Jean Paul Samputu wanted revenge but decided that would not "heal him"
John Paul Samputu's family was murdered during Rwanda's genocide of 1994 by a friend and a neighbour. He still calls him a friend because he has forgiven him.
John Paul is now an ambassador of peace and next month he will take part in an international forgiveness conference in his homeland. The BBC World Service's Mark Whitaker spoke to him:
JP: "In Rwanda we need to heal the wounds of the past. It's now 15 years but when you look at what happened in the genocide people are still affected."
MW: "Do you think 15 years is long enough?"
JP: "It's like one year. People still have bitterness, anger and the spirit of revenge."
MW: "You talk about reconciliation and your own reconciliation is perhaps one of the most remarkable that I have heard. Your entire family was killed by your neighbour, someone who was a friend, and you have now forgiven him?"
JP: "Yes I have forgiven him because I didn't have any choice. By forgiving him, I was healed. And me and him together, we are now dedicated to promoting peace and reconciliation."
MW: "Why do you say you didn't have a choice?"
JP: "After the genocide, when I went to my village and I learnt that my best friend was the one who killed my parents, it destroyed me. I couldn't understand why a very good friend would do that. I lost my mind.
"It took nine years dealing with anger and bitterness. I lost my career. I was addicted... drugs. At the end, I realised I was destroying myself."
MW: "You must have wanted to kill him?"
JP: "Yeah - the first time.
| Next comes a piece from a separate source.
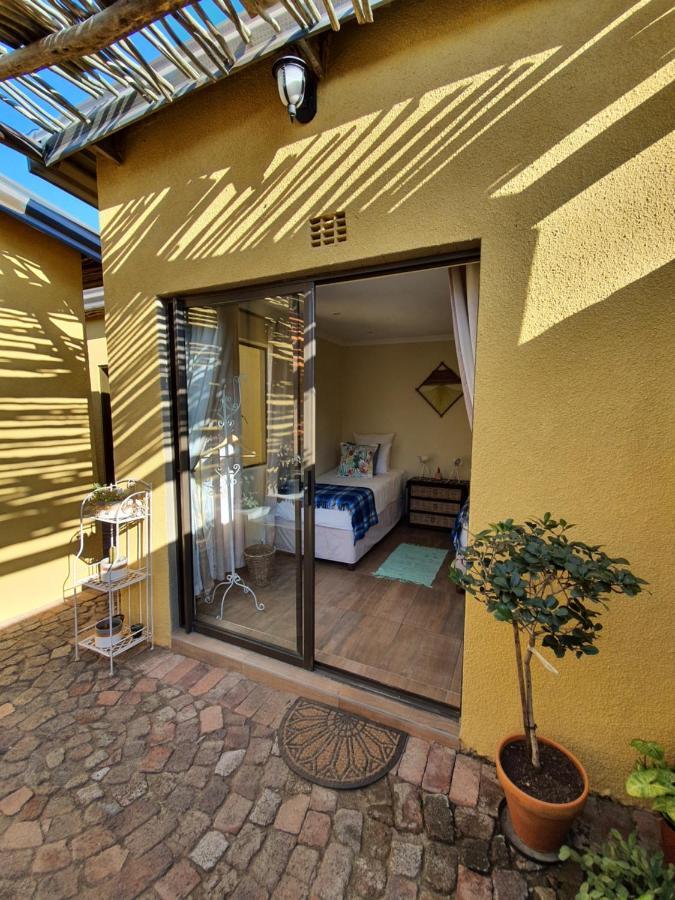 Lebo'S Soweto Backpackers Hostel Εξωτερικό φωτογραφία
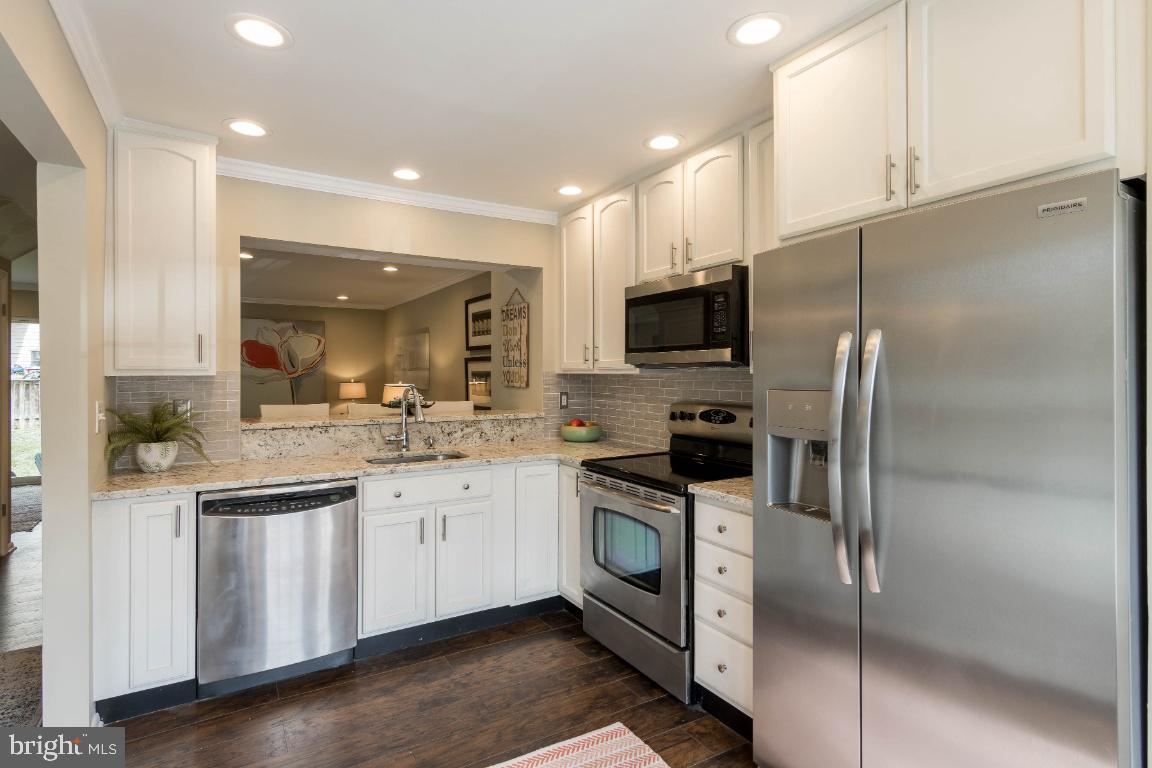 ROLLING CREST - Residential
I didn't see him but I was going to kill him. I have never killed in my life. I decided to forgive him because I wanted to get healing."
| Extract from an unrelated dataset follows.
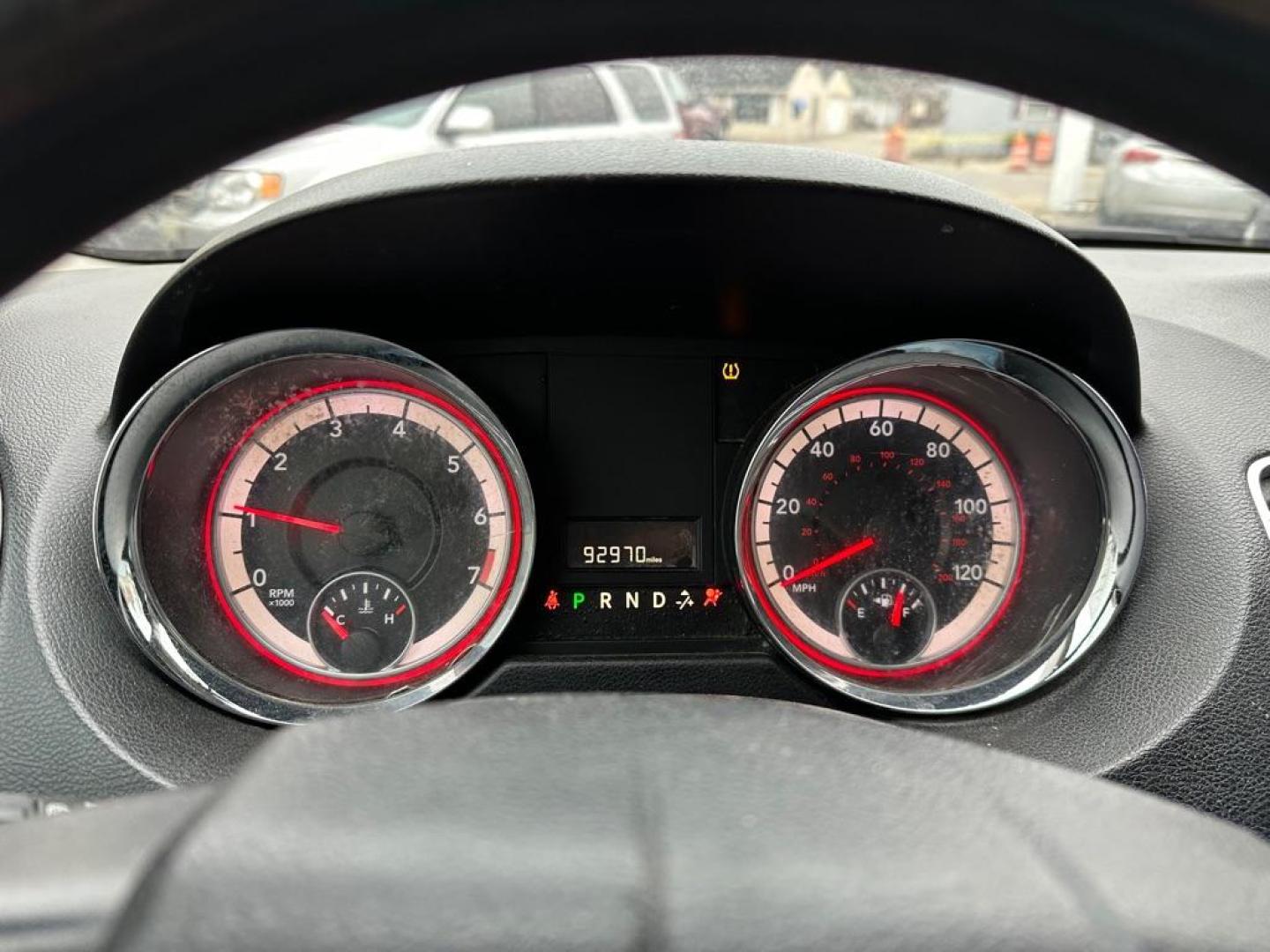 2014 SILVER DODGE GRAND CARAVAN SE (2C4RDGBG3ER) with an 3.6L engine, Automatic transmission, located at 1708 Broadway, Rockford, IL, 61104, (815) 397-5010, 42.252522, -89.069359 - Photo#8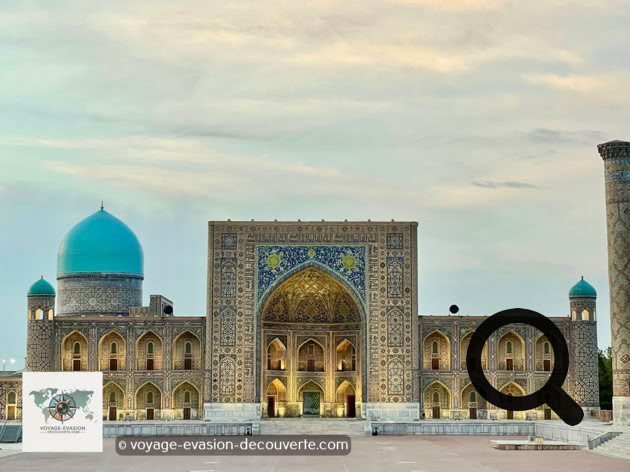 La médersa Tilla-Kari (XVIIᵉ siècle), littéralement “couverte d’or”, célèbre pour sa salle de prière dont les murs et la coupole sont entièrement dorés à la feuille.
MW: "Your friend is a killer. What did he say to you when you said: 'I want to forgive you'?"
1994: RWANDA'S GENOCIDE
6 April: President Habyarimana killed in plane explosion
April - July: Some 800,000 Tutsis and moderate Hutus killed
July: Tutsi-led rebel movement RPF captures the capital Kigali
Two million Hutus flee to Zaire, now DR Congo
JP: "The first time he thought it was a political game. He was thinking: 'How can he forgive me when I can not forgive myself?' It was hard to understand."
MW: "Has he ever explained to you why he did it?"
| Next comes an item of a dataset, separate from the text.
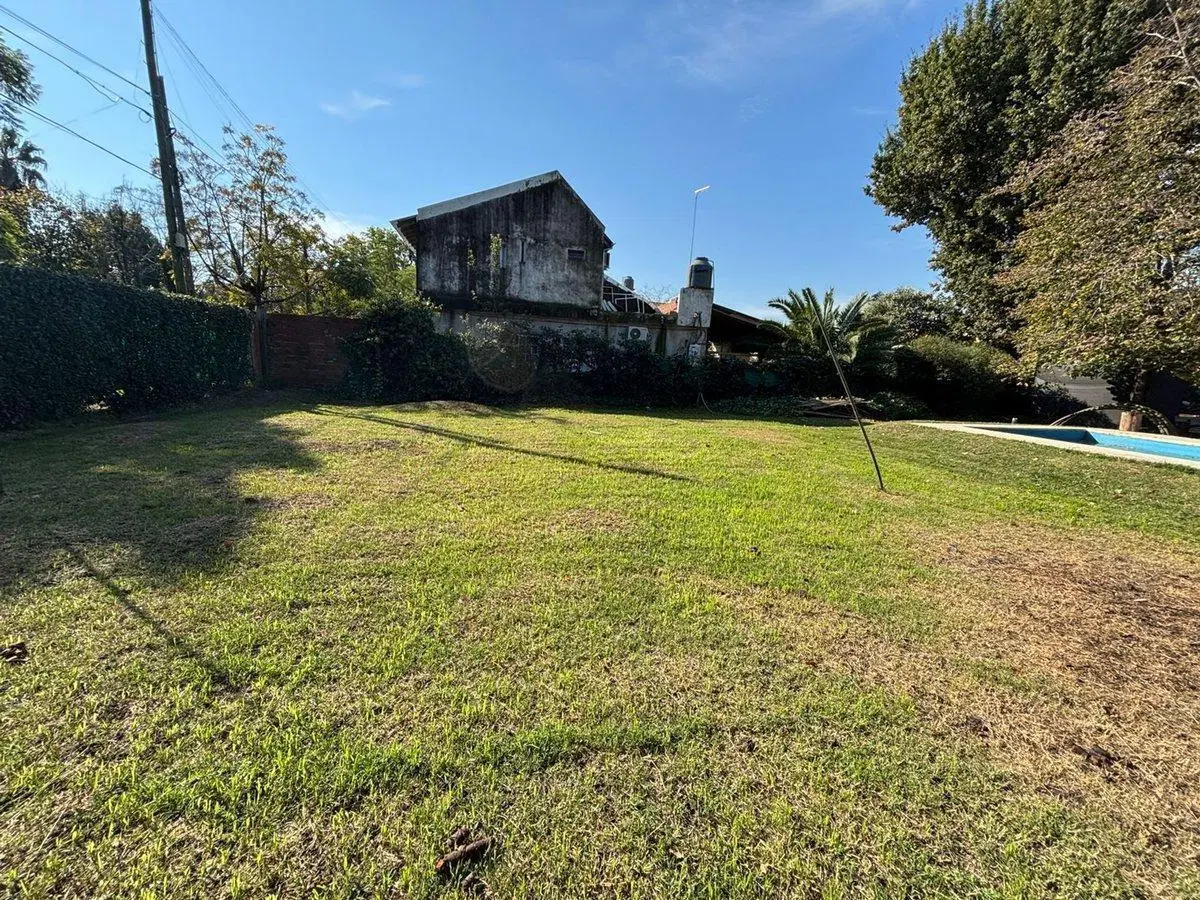 VENTA LOTE CON MEJORAS  MORENO 2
JP: "Of course. Because now we are together we talk about everything.
"He said: 'You know Samputu, your father was a very good friend. More than you.
"And I asked him: 'If he was your friend, why did you kill him?'
"He said: 'You don't understand. We had the laws of the genocide. In the genocide, the law was that your best friend, your close neighbour, was the one who must be killed by you, because you were close. And I had to kill your father because I was the closest'."
MW: "And that was repeated across Rwanda? Those sort of interpersonal relationships were distorted?"
JP: "Even the husband killed his wife. It was not killing for them, it was working. If you kill many people then you are rewarded."
MW: "Do you think your father will be proud of you?"
JP: "If I revenge or I kill because he was killed, I think he (my father) would not accept that...
"I can't do what they did... If I don't forgive, what do we do to the other children?
"It's a cycle of violence. A cycle of hatred. It's generations. The world, where we live, carries the wounds of not forgiving and future peace depends on what we do with that."